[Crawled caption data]
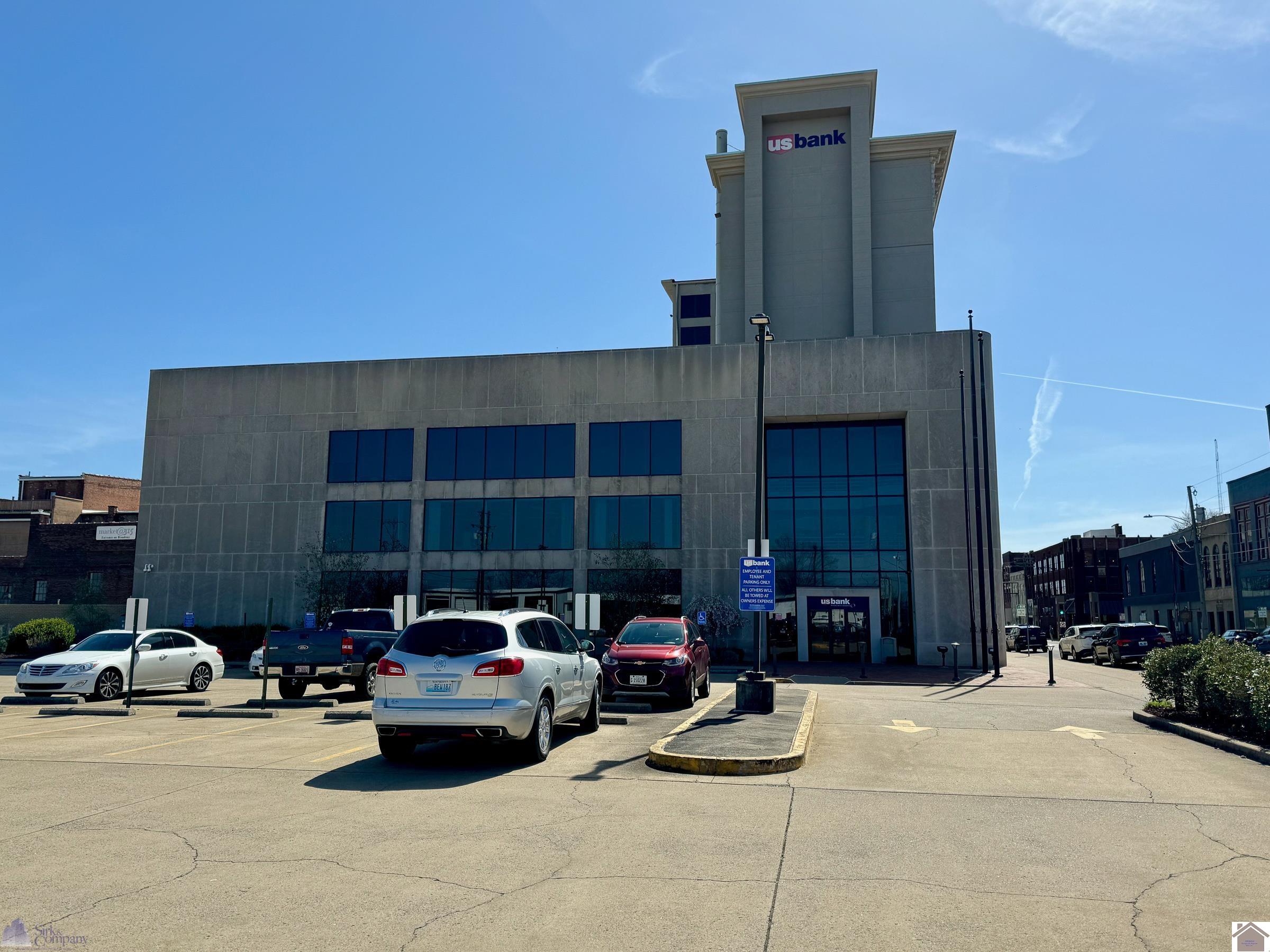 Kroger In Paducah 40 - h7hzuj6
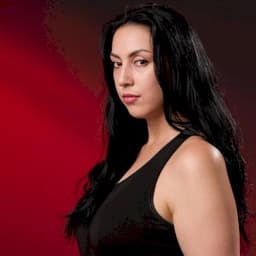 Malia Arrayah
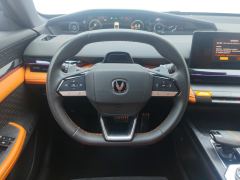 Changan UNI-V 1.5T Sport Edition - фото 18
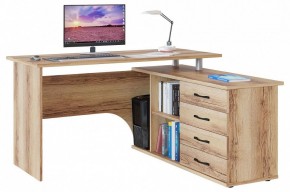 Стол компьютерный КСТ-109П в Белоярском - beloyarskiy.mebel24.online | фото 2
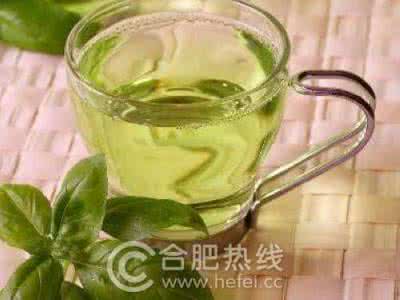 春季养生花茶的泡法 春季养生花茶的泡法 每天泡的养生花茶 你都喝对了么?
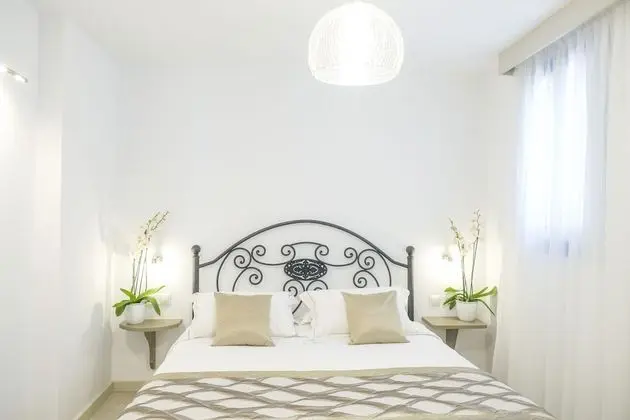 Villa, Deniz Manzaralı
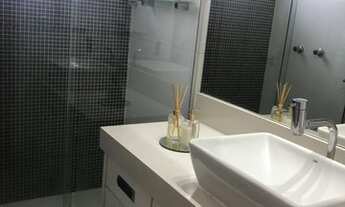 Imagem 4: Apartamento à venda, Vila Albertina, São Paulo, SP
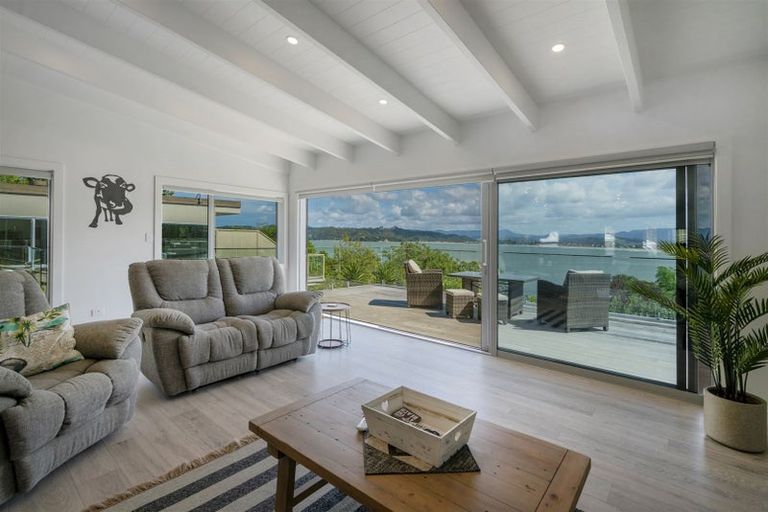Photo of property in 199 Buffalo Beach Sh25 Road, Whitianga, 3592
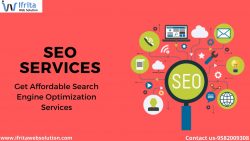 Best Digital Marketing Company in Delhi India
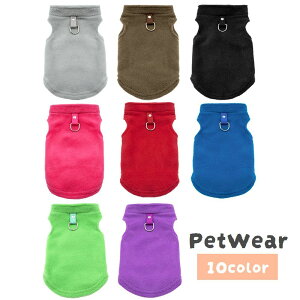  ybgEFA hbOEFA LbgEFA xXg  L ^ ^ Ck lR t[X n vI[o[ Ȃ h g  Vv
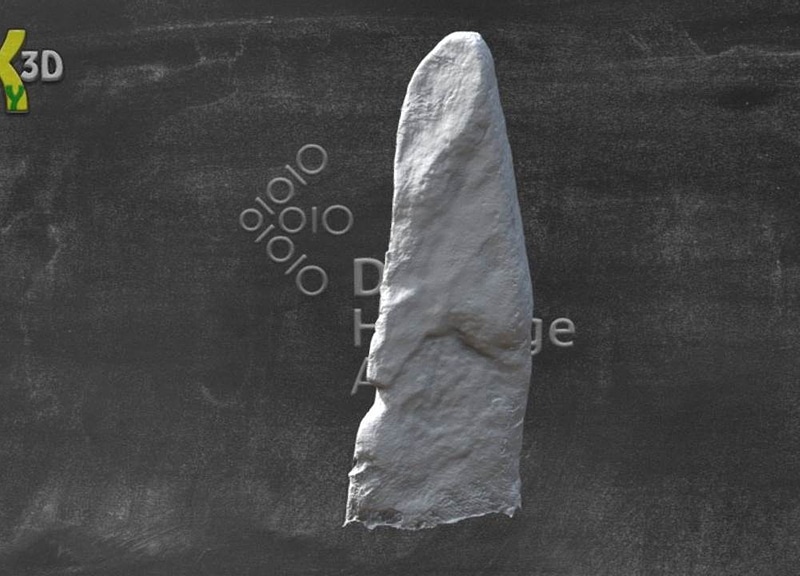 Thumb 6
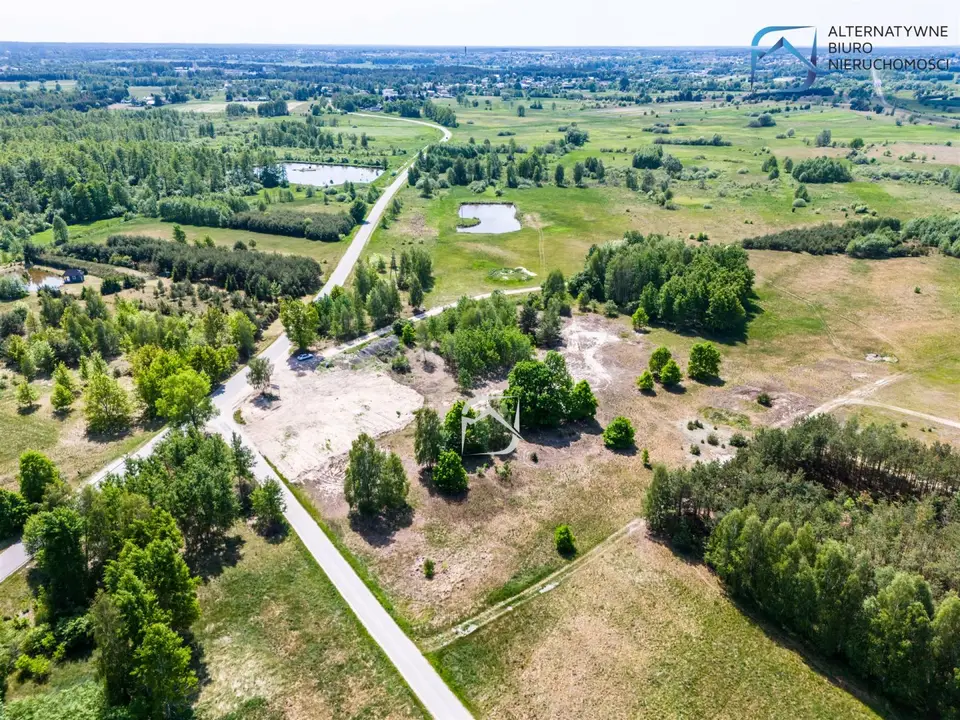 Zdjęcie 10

→ **TASK GOAL**: Please write out all the data again word for word, but not the pictures.

→ **EXERCISE OUTPUT**:
 Kroger In Paducah 40 - h7hzuj6
 Malia Arrayah
 Changan UNI-V 1.5T Sport Edition - фото 18
 Стол компьютерный КСТ-109П в Белоярском - beloyarskiy.mebel24.online | фото 2
 春季养生花茶的泡法 春季养生花茶的泡法 每天泡的养生花茶 你都喝对了么?
 Villa, Deniz Manzaralı
 Imagem 4: Apartamento à venda, Vila Albertina, São Paulo, SP
Photo of property in 199 Buffalo Beach Sh25 Road, Whitianga, 3592
 Best Digital Marketing Company in Delhi India
  ybgEFA hbOEFA LbgEFA xXg  L ^ ^ Ck lR t[X n vI[o[ Ȃ h g  Vv
 Thumb 6
 Zdjęcie 10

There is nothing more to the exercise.